Pareto plot of standardised effects#

Dividing each effect estimate by its standard error gives a unitless comparison of how strong each term is relative to the noise. Plotting the absolute values as a horizontal bar chart from largest to smallest is the classical Pareto plot.

[7]:

effects = pd.Series(result["effects"], dtype=float)
errors = pd.Series(result["effect_std_errors"], dtype=float).reindex(effects.index)
standardised = (effects / errors).abs().sort_values()

_fig, ax = plt.subplots(figsize=(7, 0.35 * max(4, len(standardised)) + 1.0))
ax.barh(standardised.index, standardised.values, color="#1f77b4")
ax.axvline(2, color="r", linestyle="--", linewidth=1, label="|t| = 2 (rough significance)")
ax.set_xlabel("|effect / standard error|")
ax.set_title("Pareto of standardised effects")
ax.legend(loc="best")
plt.tight_layout()
plt.show()

../../../_images/user_guide_case_studies_design-analysis-experiments_factorial-oil-company-doe_12_0.png

Residual diagnostics#

[8]:

diag = result["residual_diagnostics"]
fitted = np.asarray(diag["fitted_values"], dtype=float)
resid = np.asarray(diag["residuals"], dtype=float)

_fig, axes = plt.subplots(1, 2, figsize=(9, 3.2))
axes[0].scatter(fitted, resid, s=30, color="#1f77b4")
axes[0].axhline(0, color="k", linewidth=0.7)
axes[0].set_xlabel("Fitted")
axes[0].set_ylabel("Residual")
axes[0].set_title("Residuals vs fitted")

axes[1].hist(resid, bins=8, color="#1f77b4", edgecolor="k")
axes[1].set_xlabel("Residual")
axes[1].set_title("Residual distribution")
plt.tight_layout()
plt.show()

print(f"Shapiro-Wilk p-value : {diag['shapiro_wilk']['p_value']:.3f}")
print(f"Durbin-Watson        : {diag['durbin_watson']:.2f}")
print(f"Breusch-Pagan p-value: {diag['breusch_pagan']['p_value']:.3f}")
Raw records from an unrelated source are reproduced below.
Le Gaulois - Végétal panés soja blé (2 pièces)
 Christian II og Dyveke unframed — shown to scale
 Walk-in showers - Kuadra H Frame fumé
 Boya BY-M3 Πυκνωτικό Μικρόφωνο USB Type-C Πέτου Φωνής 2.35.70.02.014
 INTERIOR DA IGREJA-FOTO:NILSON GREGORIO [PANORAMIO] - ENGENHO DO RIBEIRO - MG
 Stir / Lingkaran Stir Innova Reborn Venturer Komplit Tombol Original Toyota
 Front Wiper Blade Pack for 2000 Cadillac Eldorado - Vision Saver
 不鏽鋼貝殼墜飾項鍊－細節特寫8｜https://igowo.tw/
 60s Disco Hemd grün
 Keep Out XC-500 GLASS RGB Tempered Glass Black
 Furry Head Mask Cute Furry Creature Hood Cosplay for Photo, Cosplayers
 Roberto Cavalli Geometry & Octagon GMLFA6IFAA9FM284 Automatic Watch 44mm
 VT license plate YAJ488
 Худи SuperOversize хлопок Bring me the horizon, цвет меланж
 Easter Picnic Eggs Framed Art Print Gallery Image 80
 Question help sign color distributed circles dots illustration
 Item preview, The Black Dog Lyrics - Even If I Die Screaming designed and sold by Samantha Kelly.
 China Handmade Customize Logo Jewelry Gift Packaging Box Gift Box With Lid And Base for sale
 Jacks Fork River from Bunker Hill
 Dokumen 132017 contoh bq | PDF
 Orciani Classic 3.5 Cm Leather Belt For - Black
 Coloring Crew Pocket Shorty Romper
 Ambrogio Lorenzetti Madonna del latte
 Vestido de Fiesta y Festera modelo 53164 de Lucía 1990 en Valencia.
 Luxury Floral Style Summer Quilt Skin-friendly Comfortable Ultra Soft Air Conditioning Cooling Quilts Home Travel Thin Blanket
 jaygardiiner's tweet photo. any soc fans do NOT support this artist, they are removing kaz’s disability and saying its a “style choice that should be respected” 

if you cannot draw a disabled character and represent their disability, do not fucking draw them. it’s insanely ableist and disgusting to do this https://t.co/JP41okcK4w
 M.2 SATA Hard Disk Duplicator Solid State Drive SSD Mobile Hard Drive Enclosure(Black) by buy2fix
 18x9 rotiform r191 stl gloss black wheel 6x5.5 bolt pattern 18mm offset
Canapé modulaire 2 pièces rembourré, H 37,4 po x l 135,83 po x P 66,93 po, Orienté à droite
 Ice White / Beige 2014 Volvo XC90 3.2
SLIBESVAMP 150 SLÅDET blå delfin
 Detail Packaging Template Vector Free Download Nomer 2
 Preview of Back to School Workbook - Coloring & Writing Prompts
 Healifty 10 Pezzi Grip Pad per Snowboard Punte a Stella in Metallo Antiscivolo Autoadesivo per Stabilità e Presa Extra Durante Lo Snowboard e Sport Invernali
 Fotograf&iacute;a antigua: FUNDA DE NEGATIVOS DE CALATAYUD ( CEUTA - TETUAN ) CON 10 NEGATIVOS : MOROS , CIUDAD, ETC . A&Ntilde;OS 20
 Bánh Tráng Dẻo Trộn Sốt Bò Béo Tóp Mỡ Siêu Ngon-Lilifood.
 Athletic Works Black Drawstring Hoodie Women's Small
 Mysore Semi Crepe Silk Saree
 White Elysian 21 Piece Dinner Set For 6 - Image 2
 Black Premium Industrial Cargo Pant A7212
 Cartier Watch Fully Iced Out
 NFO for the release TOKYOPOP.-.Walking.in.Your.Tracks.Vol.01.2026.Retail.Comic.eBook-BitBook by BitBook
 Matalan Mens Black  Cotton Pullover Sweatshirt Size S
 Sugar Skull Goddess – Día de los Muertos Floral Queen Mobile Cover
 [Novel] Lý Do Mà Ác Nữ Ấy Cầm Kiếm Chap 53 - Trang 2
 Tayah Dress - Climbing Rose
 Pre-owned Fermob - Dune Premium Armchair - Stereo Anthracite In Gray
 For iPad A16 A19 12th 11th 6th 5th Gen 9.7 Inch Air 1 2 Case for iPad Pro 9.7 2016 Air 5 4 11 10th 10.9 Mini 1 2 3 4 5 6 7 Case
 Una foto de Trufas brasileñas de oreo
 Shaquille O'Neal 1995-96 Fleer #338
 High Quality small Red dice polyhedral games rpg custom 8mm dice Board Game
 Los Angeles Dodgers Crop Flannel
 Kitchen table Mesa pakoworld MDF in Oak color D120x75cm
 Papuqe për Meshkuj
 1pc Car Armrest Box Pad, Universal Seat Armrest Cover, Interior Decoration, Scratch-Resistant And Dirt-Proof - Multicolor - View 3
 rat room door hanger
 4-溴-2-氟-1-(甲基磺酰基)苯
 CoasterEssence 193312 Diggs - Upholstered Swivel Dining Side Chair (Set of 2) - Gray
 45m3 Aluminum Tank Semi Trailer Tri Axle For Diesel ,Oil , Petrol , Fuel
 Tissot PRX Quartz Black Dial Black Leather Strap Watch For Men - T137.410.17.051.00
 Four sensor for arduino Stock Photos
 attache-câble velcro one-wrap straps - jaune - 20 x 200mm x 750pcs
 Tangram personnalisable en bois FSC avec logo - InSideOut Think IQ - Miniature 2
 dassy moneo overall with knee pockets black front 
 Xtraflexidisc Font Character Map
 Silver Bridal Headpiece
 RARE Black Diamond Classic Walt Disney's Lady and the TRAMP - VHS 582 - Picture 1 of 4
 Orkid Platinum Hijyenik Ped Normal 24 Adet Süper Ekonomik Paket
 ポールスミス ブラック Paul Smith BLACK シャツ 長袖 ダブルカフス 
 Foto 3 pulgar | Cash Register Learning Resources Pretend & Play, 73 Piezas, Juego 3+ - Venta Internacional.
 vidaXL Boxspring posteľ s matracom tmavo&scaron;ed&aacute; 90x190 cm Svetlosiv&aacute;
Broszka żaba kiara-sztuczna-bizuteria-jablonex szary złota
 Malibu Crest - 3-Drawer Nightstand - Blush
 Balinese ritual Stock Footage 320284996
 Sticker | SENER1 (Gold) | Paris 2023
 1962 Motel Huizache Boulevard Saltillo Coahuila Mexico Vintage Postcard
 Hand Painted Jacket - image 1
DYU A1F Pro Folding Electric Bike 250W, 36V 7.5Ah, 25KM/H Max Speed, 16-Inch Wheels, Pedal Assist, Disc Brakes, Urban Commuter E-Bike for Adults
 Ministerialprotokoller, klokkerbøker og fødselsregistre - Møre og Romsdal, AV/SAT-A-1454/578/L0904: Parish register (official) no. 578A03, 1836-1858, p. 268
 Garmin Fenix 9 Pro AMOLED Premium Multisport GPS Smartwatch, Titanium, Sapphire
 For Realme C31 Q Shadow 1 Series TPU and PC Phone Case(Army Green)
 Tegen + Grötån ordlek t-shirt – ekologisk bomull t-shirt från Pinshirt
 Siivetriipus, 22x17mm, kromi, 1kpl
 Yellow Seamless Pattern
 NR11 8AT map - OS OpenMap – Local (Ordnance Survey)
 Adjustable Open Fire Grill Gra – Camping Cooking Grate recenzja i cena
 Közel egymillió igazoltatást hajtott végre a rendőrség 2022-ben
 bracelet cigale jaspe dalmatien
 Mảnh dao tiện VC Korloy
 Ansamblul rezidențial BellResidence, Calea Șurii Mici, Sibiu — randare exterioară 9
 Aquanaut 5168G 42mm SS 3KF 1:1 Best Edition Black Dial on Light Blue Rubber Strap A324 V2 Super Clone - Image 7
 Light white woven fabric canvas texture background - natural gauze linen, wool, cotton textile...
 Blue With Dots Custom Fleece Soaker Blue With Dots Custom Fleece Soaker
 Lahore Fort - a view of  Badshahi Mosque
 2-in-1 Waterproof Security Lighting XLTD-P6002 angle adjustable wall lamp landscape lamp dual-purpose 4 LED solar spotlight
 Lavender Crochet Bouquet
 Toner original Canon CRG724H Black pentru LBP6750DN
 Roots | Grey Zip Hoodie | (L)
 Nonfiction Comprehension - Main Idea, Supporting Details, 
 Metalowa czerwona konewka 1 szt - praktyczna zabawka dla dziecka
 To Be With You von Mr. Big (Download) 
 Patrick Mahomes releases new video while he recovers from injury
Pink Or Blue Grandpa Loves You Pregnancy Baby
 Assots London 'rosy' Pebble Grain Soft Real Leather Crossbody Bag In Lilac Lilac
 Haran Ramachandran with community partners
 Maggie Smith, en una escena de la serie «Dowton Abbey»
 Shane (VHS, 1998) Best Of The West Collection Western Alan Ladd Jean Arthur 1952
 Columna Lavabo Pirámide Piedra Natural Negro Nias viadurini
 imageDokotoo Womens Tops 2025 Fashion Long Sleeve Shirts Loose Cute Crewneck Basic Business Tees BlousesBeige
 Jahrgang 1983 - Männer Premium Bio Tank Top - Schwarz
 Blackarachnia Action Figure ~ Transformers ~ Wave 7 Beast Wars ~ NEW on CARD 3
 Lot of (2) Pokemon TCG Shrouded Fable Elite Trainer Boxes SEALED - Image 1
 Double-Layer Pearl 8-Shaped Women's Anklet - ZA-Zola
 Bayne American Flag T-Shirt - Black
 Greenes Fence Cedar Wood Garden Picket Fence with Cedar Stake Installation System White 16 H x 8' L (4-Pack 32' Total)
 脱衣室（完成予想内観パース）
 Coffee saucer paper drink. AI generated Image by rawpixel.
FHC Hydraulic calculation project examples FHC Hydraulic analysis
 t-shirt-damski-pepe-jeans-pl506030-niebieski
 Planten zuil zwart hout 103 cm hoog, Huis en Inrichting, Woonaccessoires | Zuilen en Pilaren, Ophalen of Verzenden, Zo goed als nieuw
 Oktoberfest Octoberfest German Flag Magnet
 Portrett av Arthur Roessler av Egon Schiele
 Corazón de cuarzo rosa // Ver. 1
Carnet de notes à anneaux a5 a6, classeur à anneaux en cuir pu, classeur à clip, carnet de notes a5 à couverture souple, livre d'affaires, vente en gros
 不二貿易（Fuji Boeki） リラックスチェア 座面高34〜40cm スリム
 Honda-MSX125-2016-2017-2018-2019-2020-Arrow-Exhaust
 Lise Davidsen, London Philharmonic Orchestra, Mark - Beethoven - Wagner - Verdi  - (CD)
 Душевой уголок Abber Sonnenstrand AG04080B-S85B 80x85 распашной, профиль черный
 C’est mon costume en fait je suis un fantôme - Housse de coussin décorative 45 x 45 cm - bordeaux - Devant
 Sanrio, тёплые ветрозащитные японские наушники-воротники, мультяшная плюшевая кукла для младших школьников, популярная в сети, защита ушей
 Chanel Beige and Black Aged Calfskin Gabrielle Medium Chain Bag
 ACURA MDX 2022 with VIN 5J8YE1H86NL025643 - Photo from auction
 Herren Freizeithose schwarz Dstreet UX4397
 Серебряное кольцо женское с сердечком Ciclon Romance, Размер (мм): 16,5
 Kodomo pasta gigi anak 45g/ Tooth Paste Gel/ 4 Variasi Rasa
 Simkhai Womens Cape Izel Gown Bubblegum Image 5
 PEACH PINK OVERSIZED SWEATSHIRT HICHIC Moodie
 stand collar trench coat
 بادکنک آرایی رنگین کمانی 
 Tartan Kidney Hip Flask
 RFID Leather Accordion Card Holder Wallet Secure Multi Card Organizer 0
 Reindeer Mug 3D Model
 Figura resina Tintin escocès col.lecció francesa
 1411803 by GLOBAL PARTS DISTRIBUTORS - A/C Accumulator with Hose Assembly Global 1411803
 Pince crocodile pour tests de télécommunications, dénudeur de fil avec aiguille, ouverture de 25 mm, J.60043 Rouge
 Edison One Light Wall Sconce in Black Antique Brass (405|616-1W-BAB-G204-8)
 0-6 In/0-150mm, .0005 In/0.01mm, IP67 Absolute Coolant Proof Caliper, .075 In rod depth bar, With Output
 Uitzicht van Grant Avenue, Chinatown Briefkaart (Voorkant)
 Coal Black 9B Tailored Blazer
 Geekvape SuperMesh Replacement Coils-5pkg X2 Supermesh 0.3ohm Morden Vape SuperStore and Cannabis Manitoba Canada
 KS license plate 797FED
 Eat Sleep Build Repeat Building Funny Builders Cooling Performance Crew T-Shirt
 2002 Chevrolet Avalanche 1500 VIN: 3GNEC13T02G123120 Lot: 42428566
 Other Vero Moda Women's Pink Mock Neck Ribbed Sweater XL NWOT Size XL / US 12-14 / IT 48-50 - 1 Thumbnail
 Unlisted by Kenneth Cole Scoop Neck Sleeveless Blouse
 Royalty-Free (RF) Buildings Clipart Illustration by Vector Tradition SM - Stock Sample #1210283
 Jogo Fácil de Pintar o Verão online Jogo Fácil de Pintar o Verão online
../../../_images/user_guide_case_studies_design-analysis-experiments_factorial-oil-company-doe_14_0.png

Shapiro-Wilk p-value : 0.000
Durbin-Watson        : 1.52
Breusch-Pagan p-value: 0.050

What to try next#

Drop the terms below the |t| = 2 line and re-fit. The model R squared will go down a touch but the adjusted R squared usually goes up because the noise terms penalise the unadjusted statistic.
Pass analysis_type="lack_of_fit" to ask whether the residual variation is consistent with pure replication error, which tells you whether a curvature term is missing.
For follow-up experimentation, the :func:process_improve.experiments.strategy.recommend_strategy function will propose where to run the next batch of experiments given the coefficients you have already estimated.